In soderling-lab/tidyProt: tidy statistical analysis of protein mass spectrometry
edgeR Goodness of Fit for TMT Protein MS
Most analysis tools for proteomics data have been borrowed directly from
packages designed explicitly for transcriptomics or RNA-seq data analysis: these
approaches may make assumptions that may not hold for proteomics data and should
be carefully considered.
For example, the edgeR package fits the data with a generalized linear model
which assumes that the data are well described by a negative binomal model:
these may be appropriate RNA sequencing-based cound data, but not for proteomics
data. The underlying reason for difference in statistical nature of the data may
stem from the difference in RNA and protein abundance in the cell.
The overall adequacy of edgeR's NB GLM for TMT data were assessed by plotting
the residual deviance for all proteins as a quantile-quantile plot
(McCarthy2012). (A) Normalized protein-level data were fit with a NB GLM of the
form:
log2(Intensity) ~ Mixture + Condition.
Where Mixture is an additive blocking factor that accounts for variability
between TMT mixtures.

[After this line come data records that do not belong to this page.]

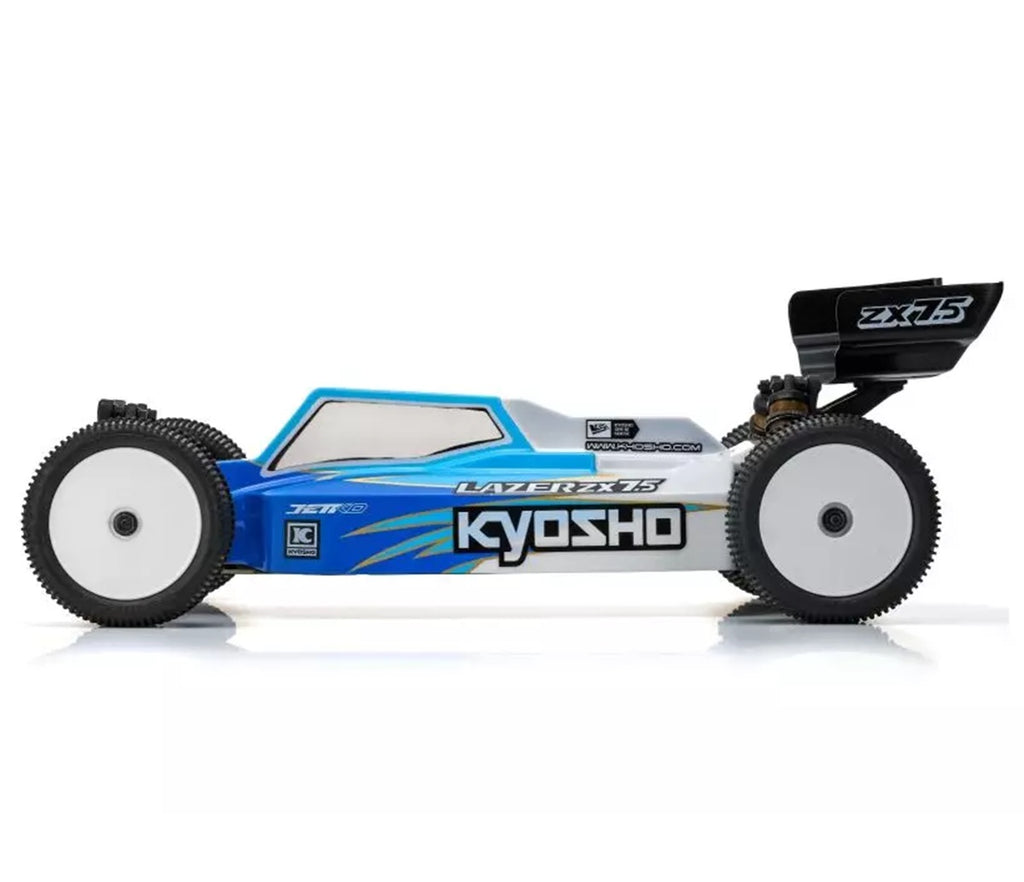 1:10 EP 4WD Lazer ZX 7.5 Racing Buggy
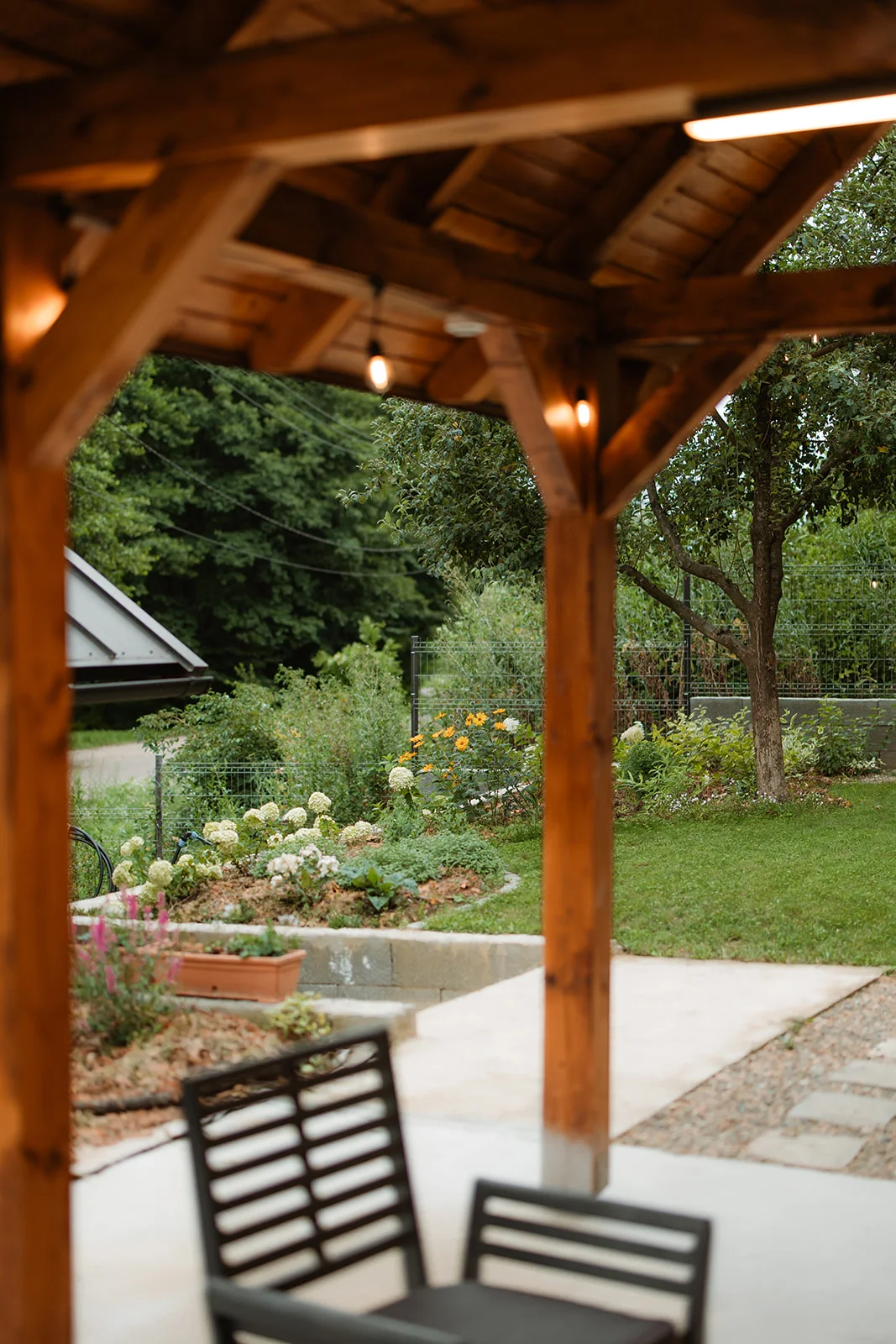 La Pomme - Fotografie 55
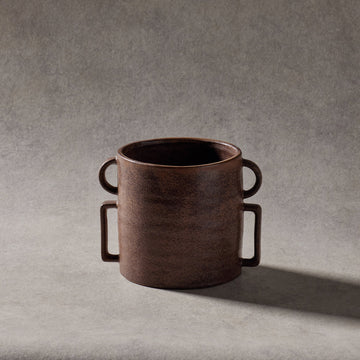 Camille Pot - Few and Far - Planters & Pots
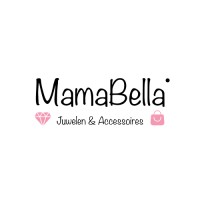 MamaBella logo - Similar company to Mama Bella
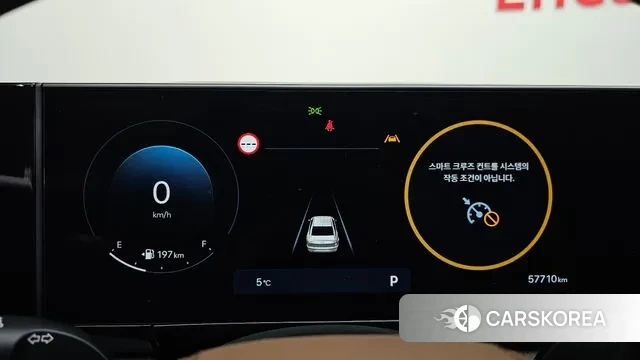 Hyundai Grandeur (GN7) id 3576650 из Кореи 17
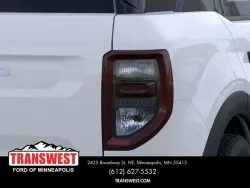 2025 Ford Bronco Sport Big Bend | Thumbnail Photo 20 of 23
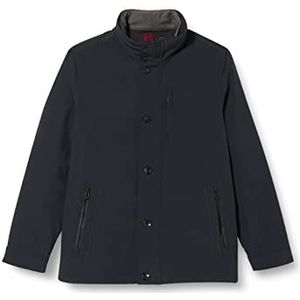 bugatti Heren 273328-29041 jas, marine, standaard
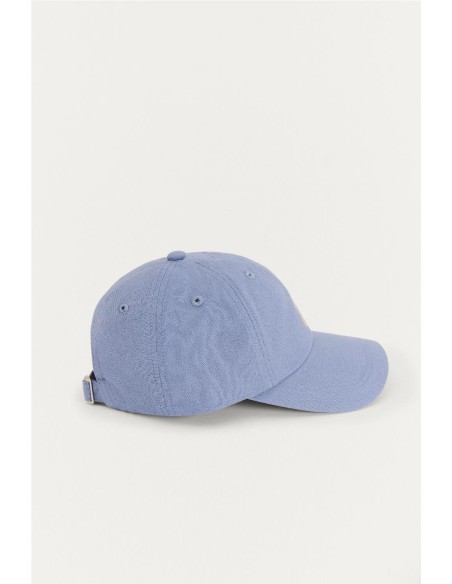 Gorra University EseOese Azul
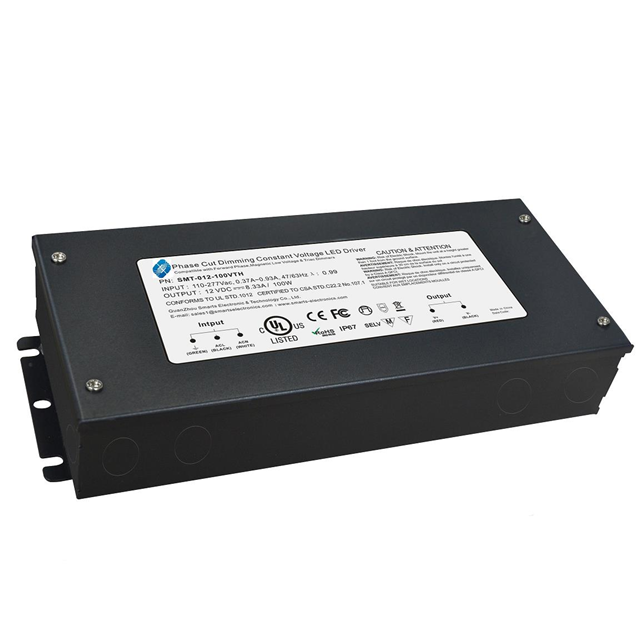 Emcod Lighting Group MLE60-24DC electronic component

The NB framework used by edgeR utilizes a dispersion
parameter, psi, to model mean-variance relationships in the data in three
different ways: 'common', 'trended', and 'tagwise'. I plot the deviance
statistics for the data fit with each of the three dispersion parameters against
their theoretical normal quantiles using the edgeR::gof function. (B) The
normalized protein-level data were fit with a linear mixed-effects model using
lme4::lmer (Bates2014):
log2(Intensity) ~ 1 + Condition + (1|Mixture).
Where Mixture represents the mixed-effect of Mixture. The residual deviance
and degrees of freedom were extracted from the fitted models, z-score
normalized, and plotted as in (A). Proteins with a significantly poor fit are
indicated as outliers in blue (Holm-adjusted P-value < 0.05).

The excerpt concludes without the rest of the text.